The four-party meeting was highly dramatic. Even though the subject was the regional peace initiative, a substantial chunk of the discussions related to the situation in the overall region. Abdullah and Sissi took Kerry to task for the Obama administration’s policies in the Middle East, both regarding Iran and Syria. Still, the two reacted positively to his proposal and tried to convince Netanyahu to accept it.
The former senior U.S. officials said Netanyahu was hesitant. Instead of relating exclusively to Kerry’s plan, they said he presented a plan of his own at the four-party meeting, which he called his five-point plan. Through the plan, Netanyahu expressed a readiness to take the steps regarding the Palestinians in the West Bank and the Gaza Strip that he had spoken with Kerry about in November 2015. He also said he would release a statement relating positively to the Arab Peace Initiative.
In return, Netanyahu asked that the negotiations with the Palestinians be resumed and that a regional peace summit be convened that would include attendance by senior representatives from Saudi Arabia, the United Arab Emirates and other Sunni Muslim countries.
After several hours of talks, the leaders returned to their capitals agreeing to consider the various proposals. But the secret summit in Aqaba had an almost immediate effect on domestic Israeli politics. It provided the basis on which two or three weeks later Netanyahu and Herzog discussed a national unity government.
During the contacts, Netanyahu briefed Herzog on the summit in Aqaba. Herzog, who was skeptical, tried to clarify whether there was anything to it. He spoke by phone with Kerry, Abdullah and Sissi on the details.
The leaders of Egypt and Jordan were skeptical over Netanyahu’s ability to advance a genuine diplomatic process with his governing coalition. The two viewed the entry of Herzog or Yesh Atid leader Yair Lapid into Netanyahu’s coalition as “earnest money” on the part of Netanyahu that would justify their pressing the Palestinians, or an effort to enlist the participation of Saudi Arabia and other Arab countries in a regional summit.
Yesterday, Herzog refused to confirm that the phone calls took place, or to provide details of any kind on the subject. Still, the information that Herzog received in March 2016 regarding the secret summit in Aqaba as well as the Kerry plan and the positions taken by Abdullah and Sissi are apparently what convinced him to enter intensive talks with Netanyahu and to publicly state on May 15 that a rare regional-diplomatic opportunity had been created that might not recur.
But just a few days after Herzog made his comments, the coalition negotiations ran aground. Netanyahu decided to abandon the talks with Herzog in favor of having Yisrael Beiteinu join the government, along with the appointment of the party’s leader, Avigdor Lieberman, as defense minister.
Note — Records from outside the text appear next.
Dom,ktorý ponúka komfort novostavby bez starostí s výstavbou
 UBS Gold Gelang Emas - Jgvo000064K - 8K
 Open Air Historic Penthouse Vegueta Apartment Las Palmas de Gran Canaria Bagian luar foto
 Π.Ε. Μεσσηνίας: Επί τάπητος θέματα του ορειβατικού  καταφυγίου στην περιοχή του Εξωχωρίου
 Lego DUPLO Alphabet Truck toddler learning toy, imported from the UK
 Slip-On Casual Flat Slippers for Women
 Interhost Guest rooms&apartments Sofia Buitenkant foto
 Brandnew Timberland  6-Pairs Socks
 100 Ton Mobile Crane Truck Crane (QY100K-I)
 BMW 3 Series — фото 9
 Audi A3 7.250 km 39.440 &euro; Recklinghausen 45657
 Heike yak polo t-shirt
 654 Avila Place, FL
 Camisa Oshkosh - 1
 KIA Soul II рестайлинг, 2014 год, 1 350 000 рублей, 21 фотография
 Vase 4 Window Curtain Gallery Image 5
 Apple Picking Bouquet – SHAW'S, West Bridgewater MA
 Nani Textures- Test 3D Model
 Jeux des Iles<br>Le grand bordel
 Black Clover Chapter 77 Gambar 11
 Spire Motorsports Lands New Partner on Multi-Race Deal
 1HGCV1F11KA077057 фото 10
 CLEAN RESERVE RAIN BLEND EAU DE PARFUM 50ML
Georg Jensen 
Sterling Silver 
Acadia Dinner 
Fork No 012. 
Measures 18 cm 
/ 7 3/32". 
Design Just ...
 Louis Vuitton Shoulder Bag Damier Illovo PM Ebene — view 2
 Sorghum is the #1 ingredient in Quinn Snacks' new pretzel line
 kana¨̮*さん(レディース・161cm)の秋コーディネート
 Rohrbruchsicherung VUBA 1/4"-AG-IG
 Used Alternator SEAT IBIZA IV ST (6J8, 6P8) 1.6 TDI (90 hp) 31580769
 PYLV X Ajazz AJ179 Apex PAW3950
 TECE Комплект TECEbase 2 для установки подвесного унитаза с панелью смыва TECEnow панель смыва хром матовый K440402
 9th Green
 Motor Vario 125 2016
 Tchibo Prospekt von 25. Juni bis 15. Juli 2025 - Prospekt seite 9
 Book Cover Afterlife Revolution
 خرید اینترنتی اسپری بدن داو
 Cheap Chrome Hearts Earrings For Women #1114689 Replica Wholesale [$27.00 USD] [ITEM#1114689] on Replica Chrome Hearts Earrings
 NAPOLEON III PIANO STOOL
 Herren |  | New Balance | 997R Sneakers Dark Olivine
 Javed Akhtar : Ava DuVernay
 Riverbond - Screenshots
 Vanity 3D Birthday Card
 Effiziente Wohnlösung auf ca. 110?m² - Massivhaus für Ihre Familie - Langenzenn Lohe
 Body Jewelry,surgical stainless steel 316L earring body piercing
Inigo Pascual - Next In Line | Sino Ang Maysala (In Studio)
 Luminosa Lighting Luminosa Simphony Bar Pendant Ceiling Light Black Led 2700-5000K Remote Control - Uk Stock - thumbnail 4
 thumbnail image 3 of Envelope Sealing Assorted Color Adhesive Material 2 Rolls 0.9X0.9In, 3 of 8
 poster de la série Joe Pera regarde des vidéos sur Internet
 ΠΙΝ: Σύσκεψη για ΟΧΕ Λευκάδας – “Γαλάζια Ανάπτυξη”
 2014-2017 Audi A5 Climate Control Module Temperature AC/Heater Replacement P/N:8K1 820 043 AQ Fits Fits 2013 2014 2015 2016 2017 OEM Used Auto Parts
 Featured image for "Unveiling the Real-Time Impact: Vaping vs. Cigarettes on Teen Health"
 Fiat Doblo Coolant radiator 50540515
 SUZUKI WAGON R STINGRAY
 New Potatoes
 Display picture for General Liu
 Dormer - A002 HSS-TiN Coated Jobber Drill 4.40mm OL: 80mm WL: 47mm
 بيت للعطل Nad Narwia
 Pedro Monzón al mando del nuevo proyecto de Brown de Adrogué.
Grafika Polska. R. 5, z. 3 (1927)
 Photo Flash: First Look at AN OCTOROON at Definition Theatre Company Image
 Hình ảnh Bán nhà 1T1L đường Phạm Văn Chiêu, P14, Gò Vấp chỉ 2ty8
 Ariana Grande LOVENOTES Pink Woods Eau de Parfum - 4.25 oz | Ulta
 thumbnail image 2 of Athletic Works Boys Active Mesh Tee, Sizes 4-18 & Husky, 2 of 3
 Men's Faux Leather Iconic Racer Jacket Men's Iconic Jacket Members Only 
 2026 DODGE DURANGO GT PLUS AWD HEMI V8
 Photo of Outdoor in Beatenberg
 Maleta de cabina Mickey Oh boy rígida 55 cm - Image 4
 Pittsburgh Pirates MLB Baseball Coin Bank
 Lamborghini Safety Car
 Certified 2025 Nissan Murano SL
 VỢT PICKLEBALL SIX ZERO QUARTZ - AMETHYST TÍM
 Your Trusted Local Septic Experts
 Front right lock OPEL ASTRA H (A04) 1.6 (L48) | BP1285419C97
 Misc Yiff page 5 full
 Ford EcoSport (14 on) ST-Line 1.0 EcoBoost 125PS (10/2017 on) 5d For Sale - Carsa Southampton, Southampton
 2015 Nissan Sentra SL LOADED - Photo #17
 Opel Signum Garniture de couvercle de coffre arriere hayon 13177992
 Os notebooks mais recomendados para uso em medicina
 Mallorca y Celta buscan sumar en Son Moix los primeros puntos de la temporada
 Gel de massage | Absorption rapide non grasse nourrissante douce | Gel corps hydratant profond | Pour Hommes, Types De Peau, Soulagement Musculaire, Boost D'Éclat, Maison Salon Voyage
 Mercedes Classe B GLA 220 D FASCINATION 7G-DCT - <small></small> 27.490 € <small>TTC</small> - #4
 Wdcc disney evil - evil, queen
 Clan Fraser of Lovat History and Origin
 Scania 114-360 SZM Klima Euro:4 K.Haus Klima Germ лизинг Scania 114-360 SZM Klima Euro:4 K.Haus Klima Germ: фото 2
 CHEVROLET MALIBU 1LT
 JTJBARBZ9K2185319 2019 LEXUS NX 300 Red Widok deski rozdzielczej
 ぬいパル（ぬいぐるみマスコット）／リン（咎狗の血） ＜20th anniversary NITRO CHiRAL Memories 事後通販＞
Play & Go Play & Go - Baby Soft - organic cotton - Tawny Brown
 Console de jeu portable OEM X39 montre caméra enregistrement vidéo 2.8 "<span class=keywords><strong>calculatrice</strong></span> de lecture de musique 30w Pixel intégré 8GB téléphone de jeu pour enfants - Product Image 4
On May 31, minutes after Lieberman was sworn in at the Knesset, he and Netanyahu told the cameras that they supported a two-state solution to the conflict with the Palestinians. They added that the Arab Peace Initiative included positive components that could help revive the talks with the Palestinians.
In the nine months that have elapsed since, there has been no progress on the diplomatic front. Last Wednesday, at a White House press conference with Trump, Netanyahu again called for the advancement of a regional peace initiative.
“For the first time in my lifetime, and for the first time in the life of my country, Arab countries in the region do not see Israel as an enemy, but, increasingly, as an ally,” Netanyahu said. Addressing Trump directly, he added: “I believe that under your leadership, this change in our region creates an unprecedented opportunity to strengthen security and advance peace. Let us seize this moment together.”